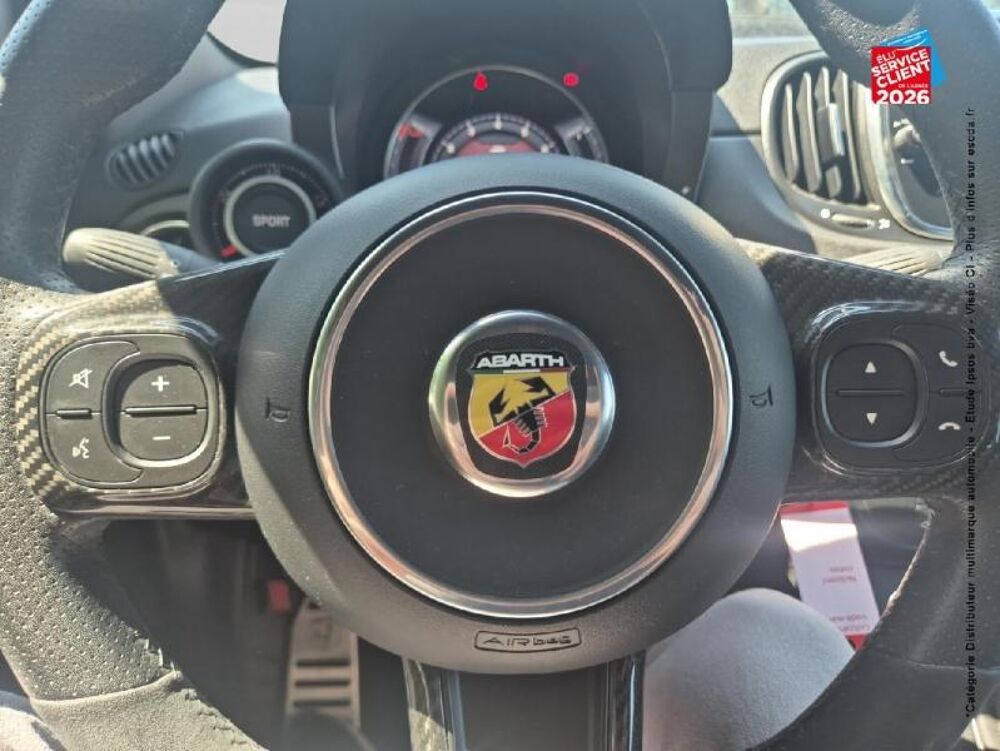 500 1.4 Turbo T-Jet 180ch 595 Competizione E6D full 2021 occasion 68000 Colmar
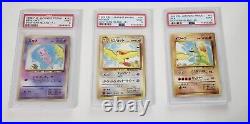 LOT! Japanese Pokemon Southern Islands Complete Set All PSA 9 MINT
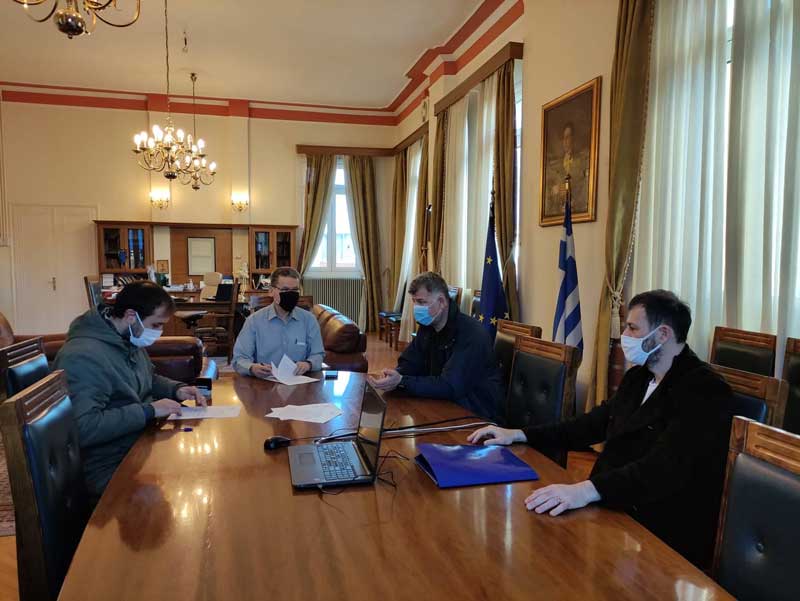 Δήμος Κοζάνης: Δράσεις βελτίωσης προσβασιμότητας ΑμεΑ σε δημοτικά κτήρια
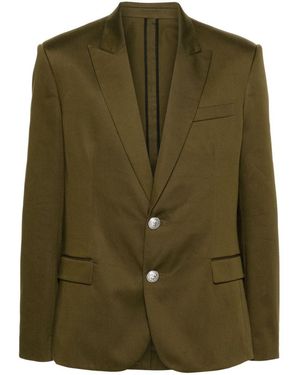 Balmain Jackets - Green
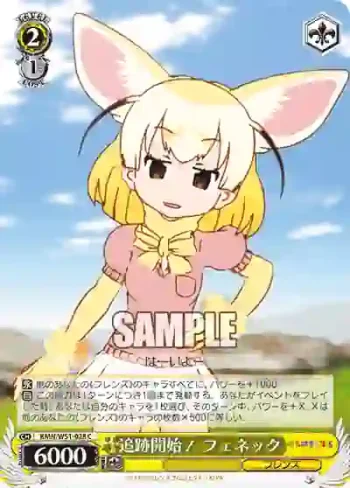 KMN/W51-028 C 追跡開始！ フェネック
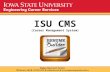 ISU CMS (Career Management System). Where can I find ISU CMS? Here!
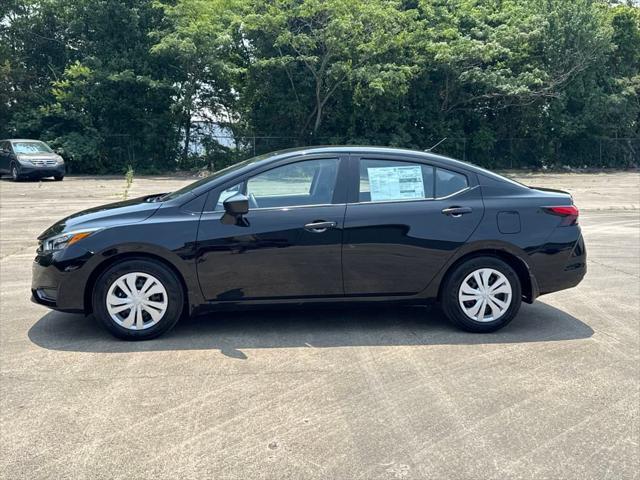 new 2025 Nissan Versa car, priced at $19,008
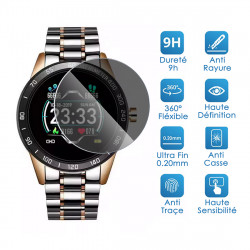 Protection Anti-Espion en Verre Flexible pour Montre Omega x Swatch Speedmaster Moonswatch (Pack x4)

——————————

- BRIEF
Quote the records above exactly, from the first line through the line containing "KMN/W51-028 C 追跡開始！ フェネック", and leave out the pictures.

- ANSWER TO THE EXERCISE
 500 1.4 Turbo T-Jet 180ch 595 Competizione E6D full 2021 occasion 68000 Colmar
 LOT! Japanese Pokemon Southern Islands Complete Set All PSA 9 MINT
 Δήμος Κοζάνης: Δράσεις βελτίωσης προσβασιμότητας ΑμεΑ σε δημοτικά κτήρια
 Balmain Jackets - Green
 KMN/W51-028 C 追跡開始！ フェネック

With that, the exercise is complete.